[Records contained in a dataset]

□ □ □

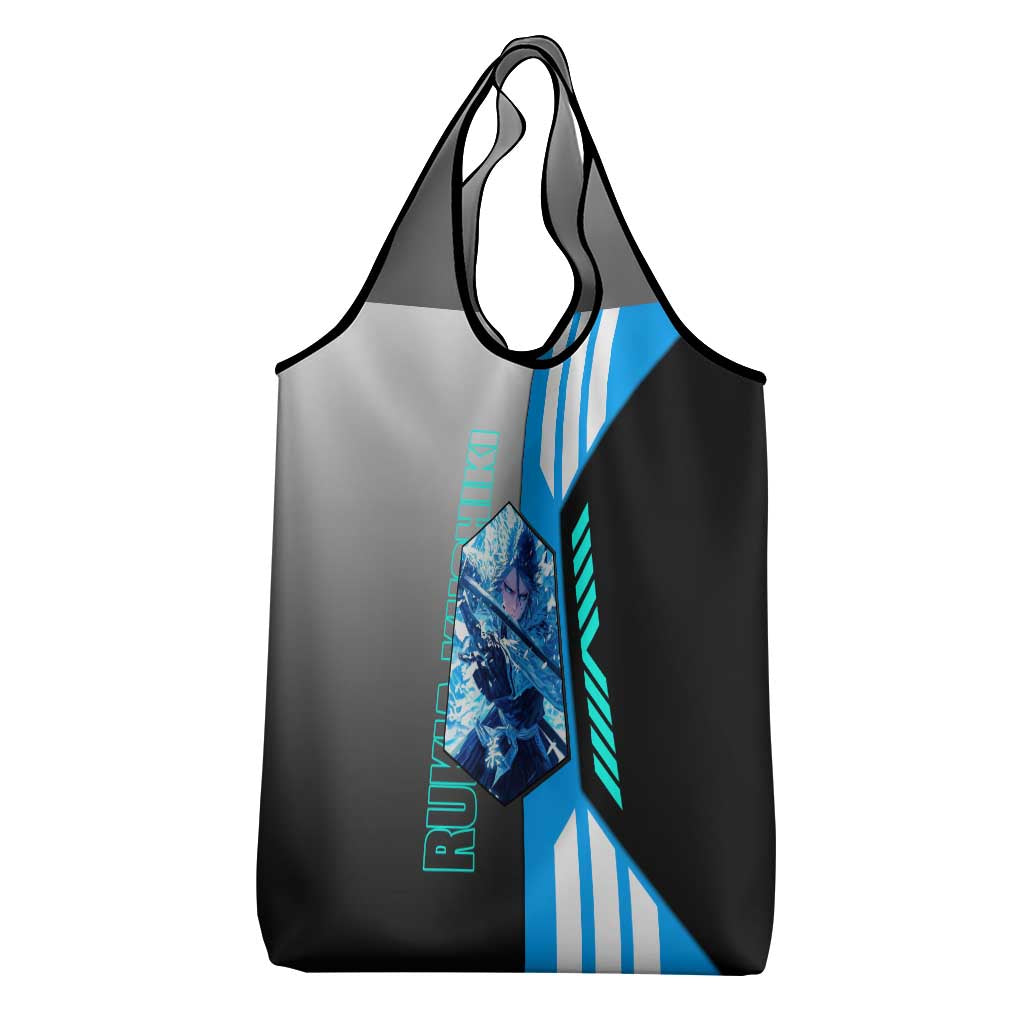 Rukia Kuchiki from Bleach Grocery Bag with Sword and Ice Powers Pose Design - The Mazicc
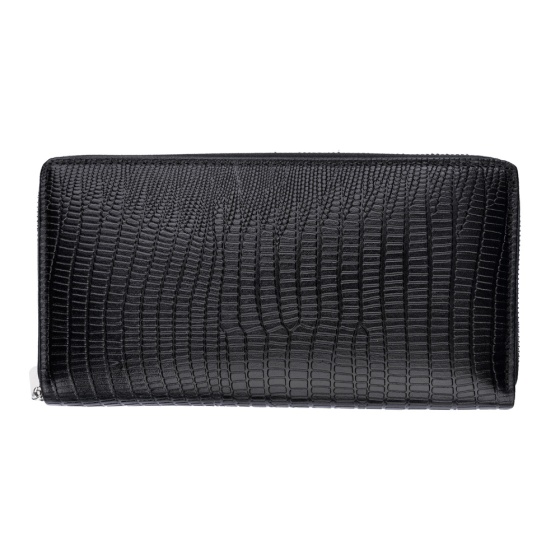 کیف دستی زنانه طرح میسرا چرم لیزارد مشکی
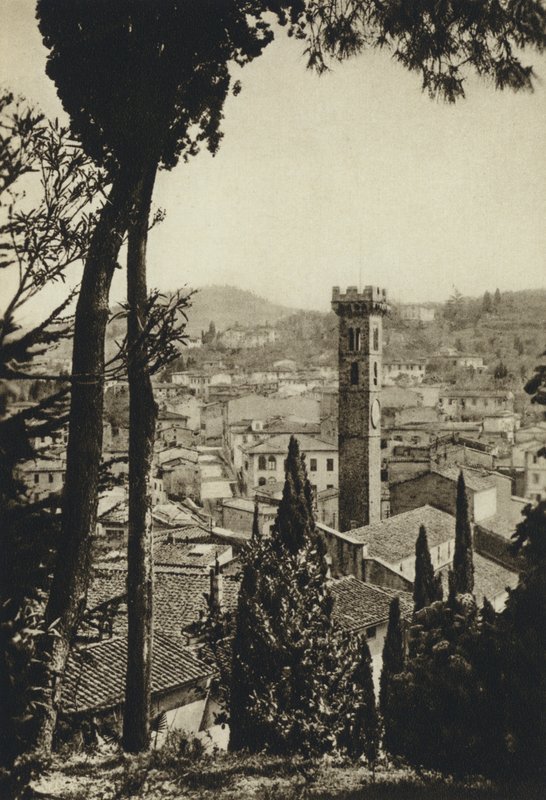 Italia, Fiesole (s/w-kuva) tekijältä European Photographer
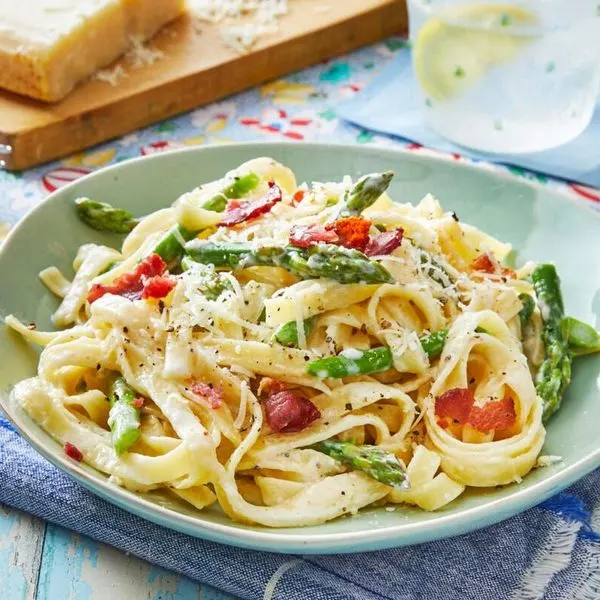 Nut-Free Shellfish-Free Asparagus Pasta — Italian recipe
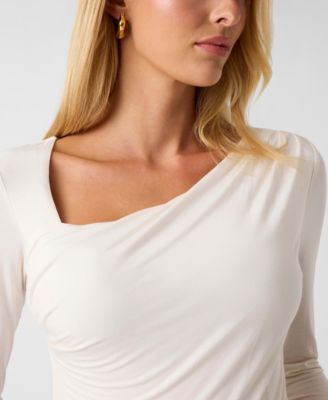 Women's Long-Sleeve Asymmetrical Areiah Top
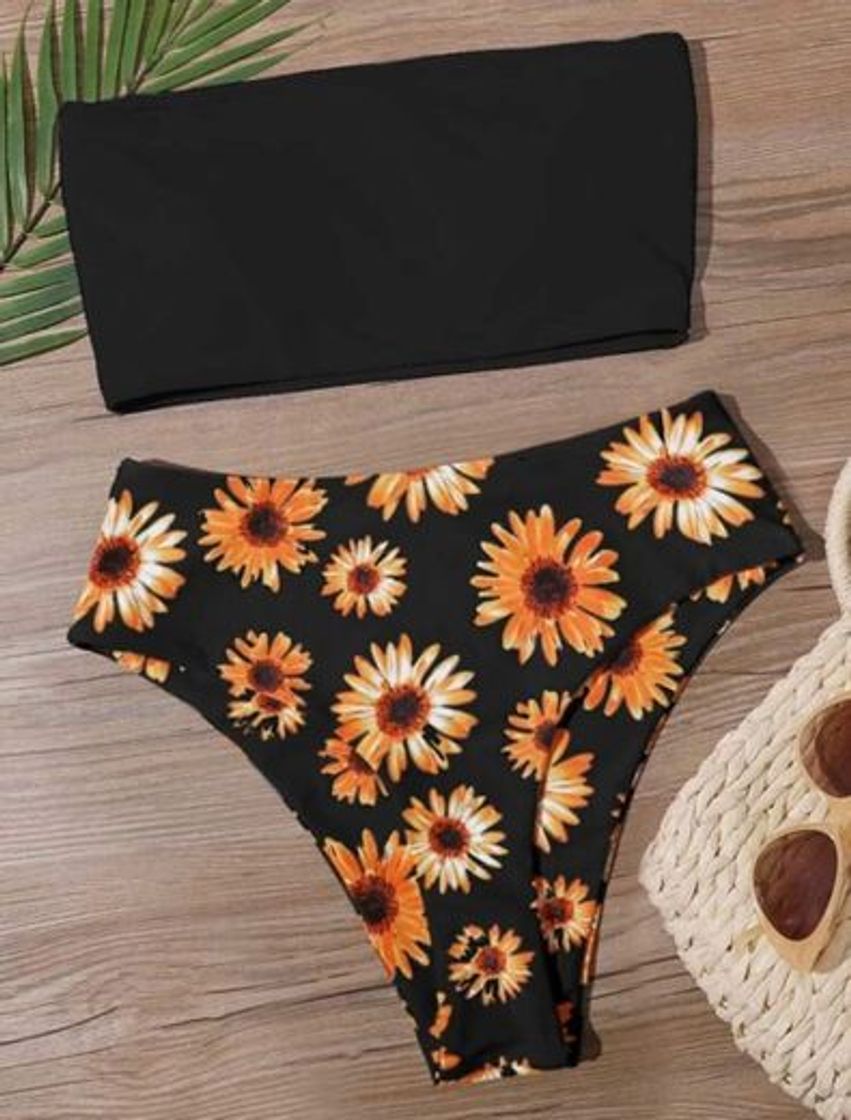 Moda Sunflower bikini SHEIN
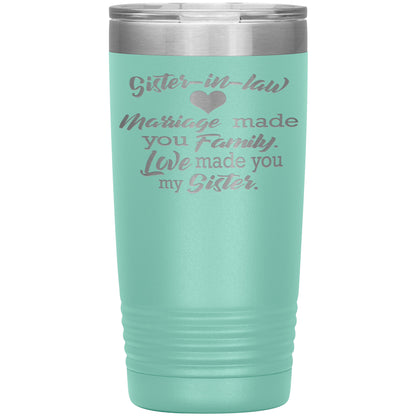 Sister-in-law Marriage Tumbler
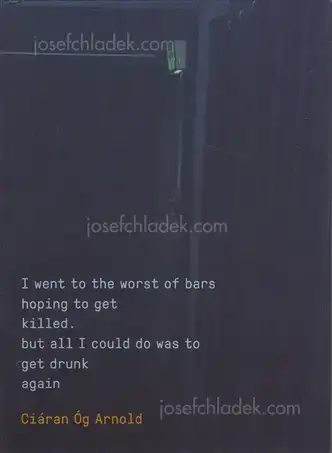 Cover of Ciáran Óg Arnold - I went to the worst of bars hoping to get killed. but all I could do was to get drunk again
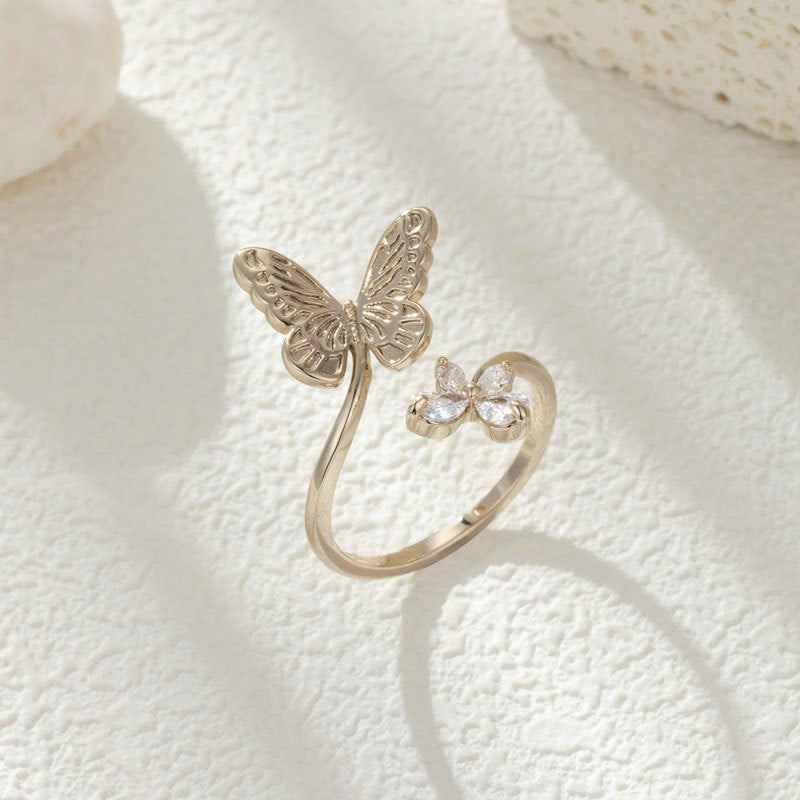 Karah Butterfly Open Ring - R15071I000 [J0QNUJTJ]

□ □ □

Goal of the exercise ▸ Drop the pictures, then write out only the lines running from the one containing "Cover of Ciáran" through the last line above, both included, exactly.

Exercise output ▸
 Cover of Ciáran Óg Arnold - I went to the worst of bars hoping to get killed. but all I could do was to get drunk again
 Karah Butterfly Open Ring - R15071I000 [J0QNUJTJ]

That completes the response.